Vaginal discharge is normal; it keeps the vagina clean and moist. Normal vaginal discharge is usually clear or milky in colour and may have a subtle scent that does not smell unpleasant. Vaginal discharge changes throughout a woman’s menstrual cycle. Changes in colour and thickness are associated with ovulation and are normal.
What Are the Signs of Thrush?
Thrush discharge often looks clumpy and has a yeasty smell. You may also experience itching, burning, and redness around the vagina. Treatment is quite simple – Gyno Pevaryl can clear up the yeast infection in 14 days.
Why Does My Discharge Change Throughout the Month?

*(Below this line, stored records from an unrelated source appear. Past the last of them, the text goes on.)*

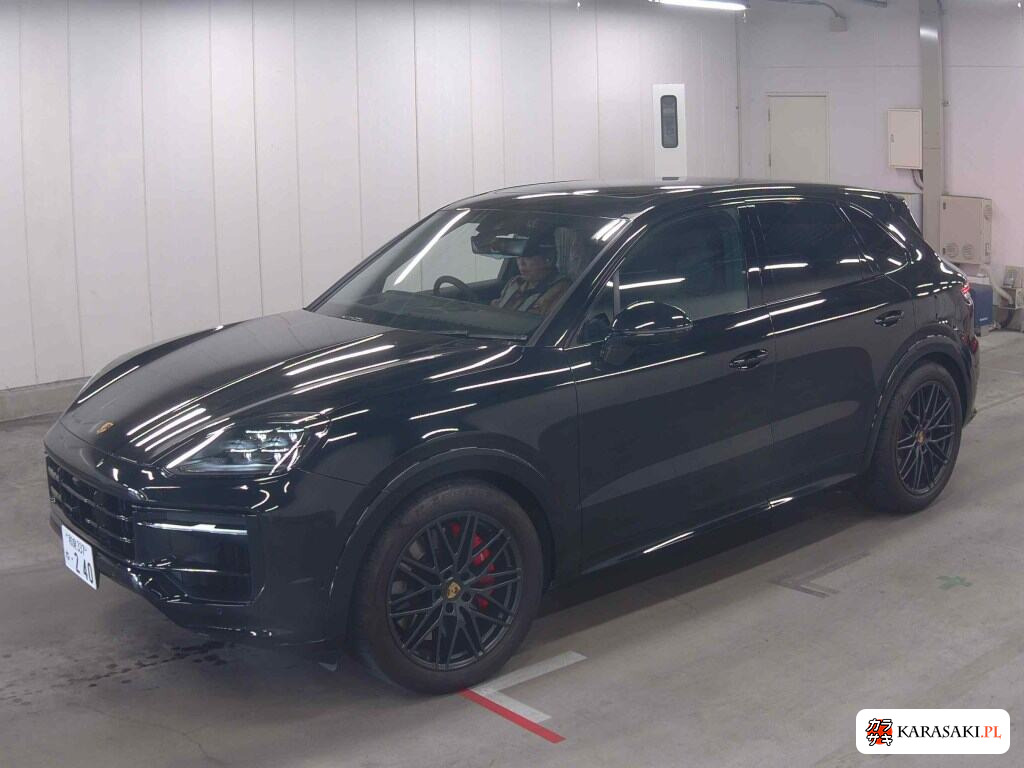 Porsche Cayenne 2024 z aukcji japońskiej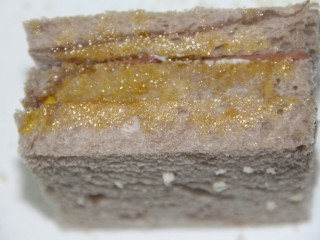 18、面包糠烤土司,四周边缘也抹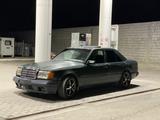 Mercedes-Benz E 230 1993 года за 800 000 тг. в Шымкент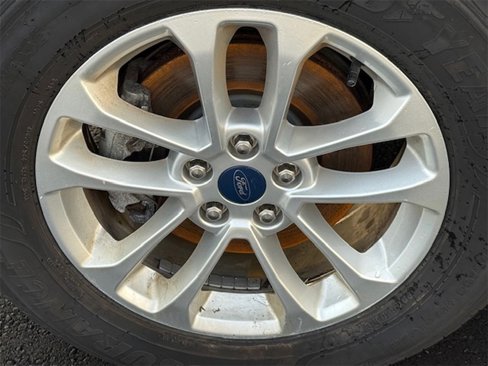 Used 2020 Ford Escape SE image 11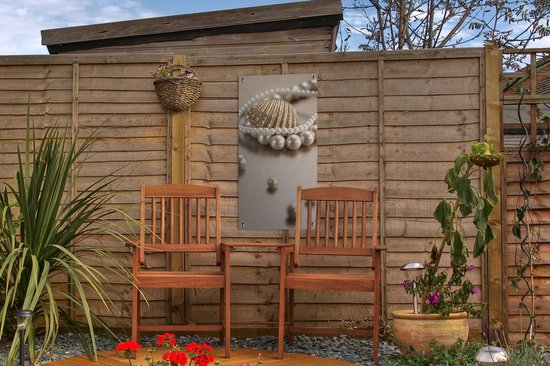 Affiche de jardin Gros plan d'un collier de perles - 30x60 cm - Toile jardin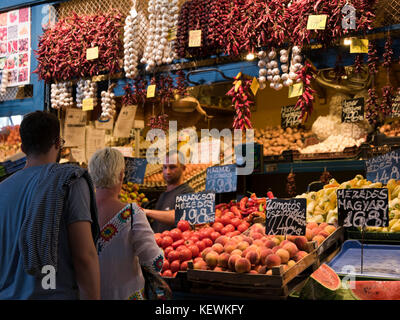 Vue horizontale de gens qui achètent des produits d'épicerie à un étal de fruits et légumes à Budapest. Banque D'Images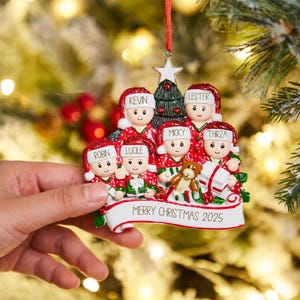 Personalisierte Familie Weihnachten Ornament, 2026 Weihnachten Ornament, Laser gravierte Familie Ornament, benutzerdefinierte Familie Ornament für Weihnachtsbaum Dekor Bild 8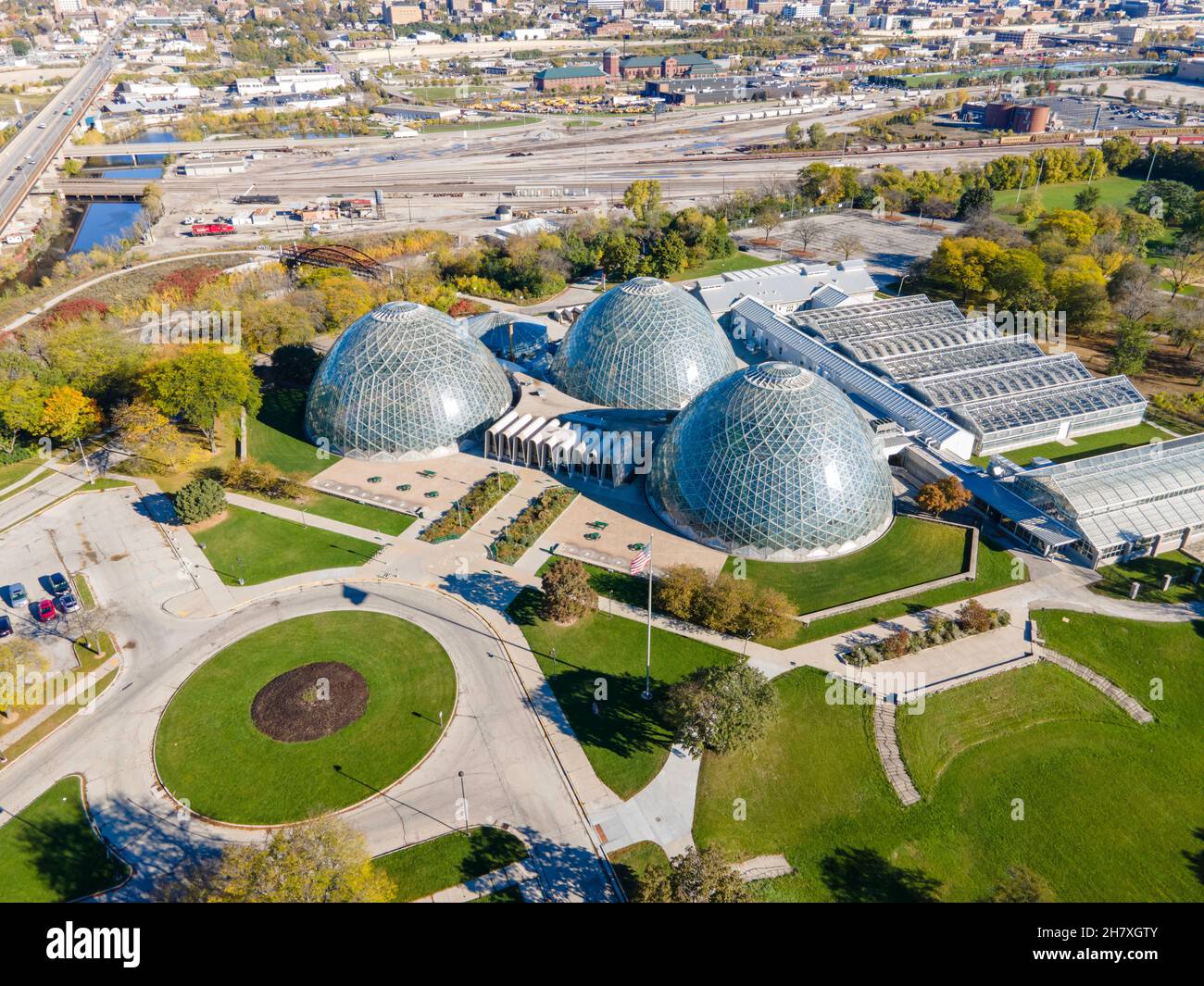 Vista aerea del giardino botanico Mitchell Park Domes; Milwaukee, Wisconsin, USA. Foto Stock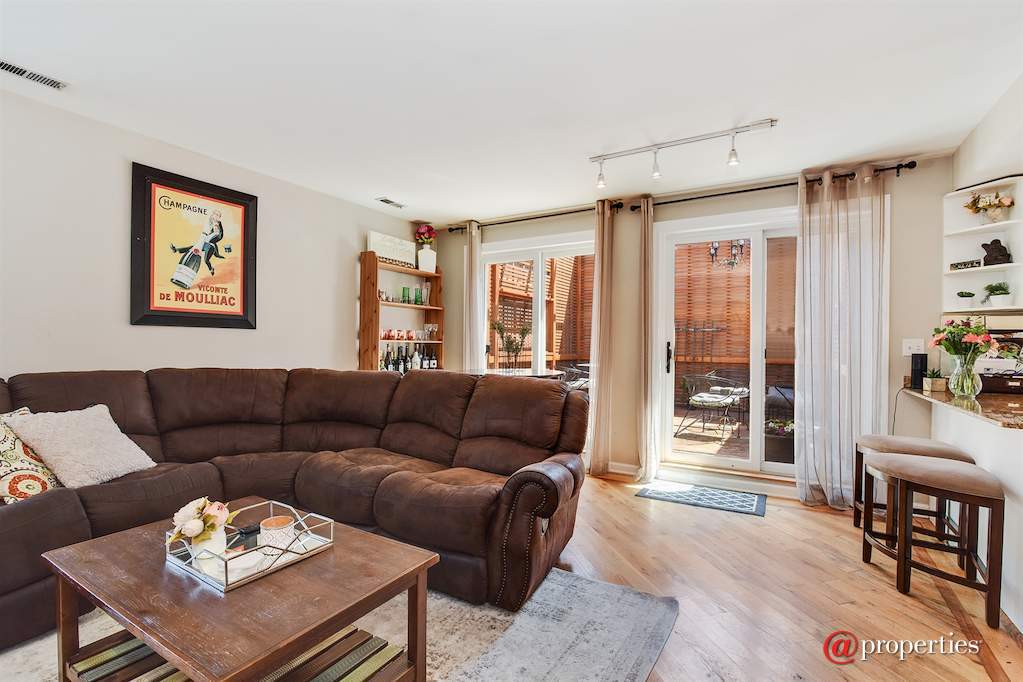 1945 N Sheffield Avenue #203 Chicago, Illinois 60614 - Living Room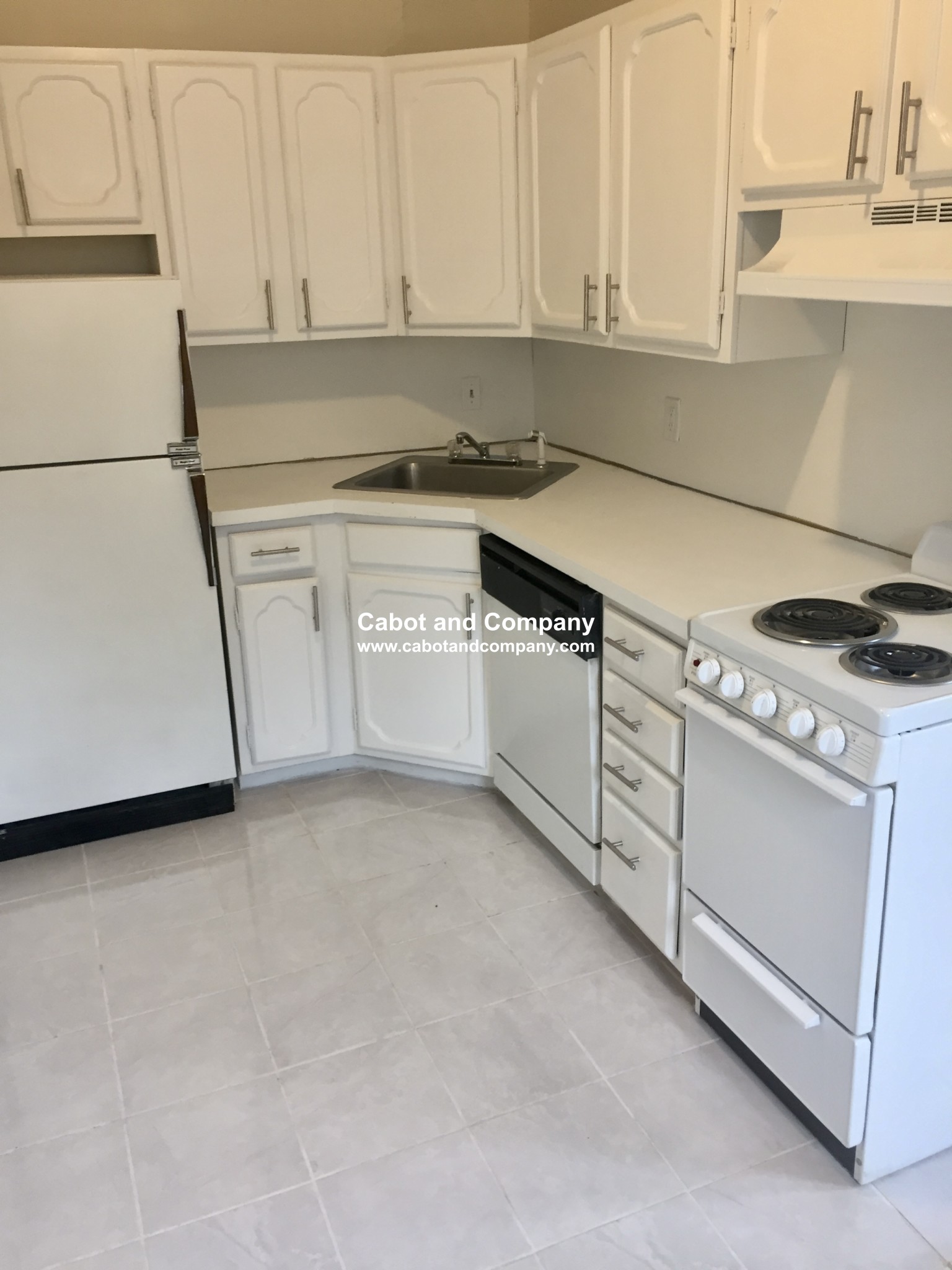 2 bed, 1 bath apartment for rent at 145 Arlington St Unit 5, Back Bay — photo 5 of 17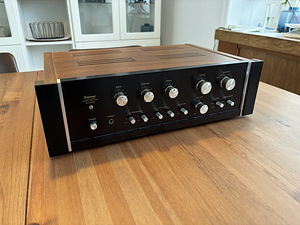 Sansui AU-555A Solid State Stereo Control Amplifier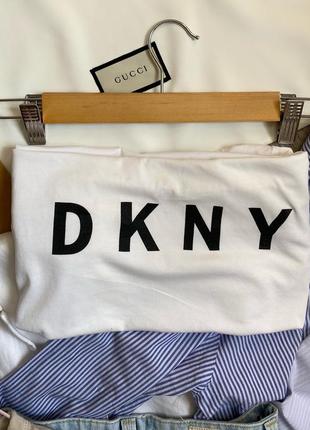 Оригинальная хлопковая футболка dkny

Vaginal discharge changes throughout the menstrual cycle – it is normal. You only need to worry if you experience abnormal discharge, such as smelly discharge or an unusual colour or texture.
What Makes Discharge Sticky?
A sticky, tacky discharge texture is very common and usually occurs just before ovulation. You may find that your discharge has a similar consistency to egg whites. Again, this is natural and nothing to worry about.
What is the reason for white discharge?
Thick white discharge is common at the beginning and end of your menstrual cycle. As long as it is not clumpy or accompanied by itchiness or a foul odour, it is likely healthy.
When should I be concerned about discharge?
If your discharge changes in smell, colour, or texture – it might be a sign of an infection or that something is wrong. If you are worried about your discharge, see a doctor.